Когда начались первые пробы, первые прикидки, а там дошло и до первого просмотра более или менее скомпонованного материала, он испытал тот же шок, что и с «Первым учителем». Но там была чужая вещь. А тут — своя. И ощущение такое, словно тебя остановили посреди улицы, попросив прикурить, и обчистили как липку. Обобрали и не признаются. Именно так себя и вел Герман на первых обсуждениях — со скучающим, отсутствующим видом слушал его, К.М., возражения, всем своим видом показывал, что они его нимало не интересуют. Тем более, что уже с самого начала стали раздаваться восторги, истерические ахи и охи, которые с некоторых пор усердно культивируют модные критики и критикессы. Самое обидное, что такие восторги, порой даже вызывающие, слышал он и от Саньки, да и от Ларисы. Он не постеснялся выразить свой скепсис, но остался в сокрушительном меньшинстве, если не сказать — в единственном числе.
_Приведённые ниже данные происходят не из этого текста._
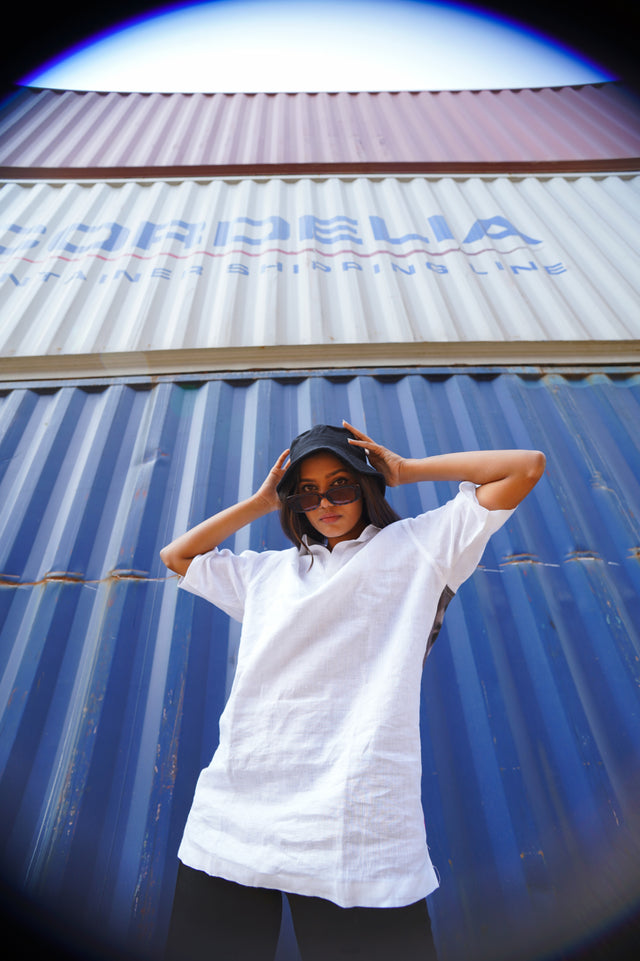 Trippy Emotions (Pure Linen Kurta Style Shirt) - AddysForMen®️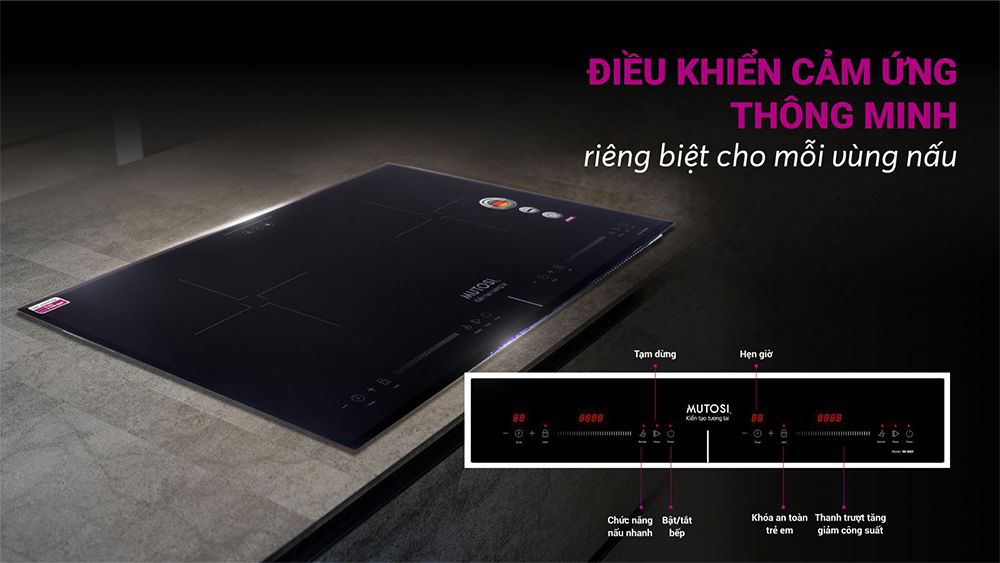 Bếp điện từ đôi Mutosi MI-86D - Hàng chính hãng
Пришлось кое в чем уступить, кое с чем согласиться. А когда выяснилось, что цензура, которая на удивление спокойно приняла к печати его повесть, тут словно бы взбеленилась, вся цензура — и ведомственная, в виде худсовета студии, и универсальная, что в Китайском проезде, — тут уж вообще пришлось поворачивать пушки на все сто восемьдесят градусов. В боях с цензурой они с Германом оказались единомышленниками, и это примирило их в работе над фильмом. Премьера наконец состоялась, и овации, которыми встретила публика и режиссера, и писателя, довершили дело.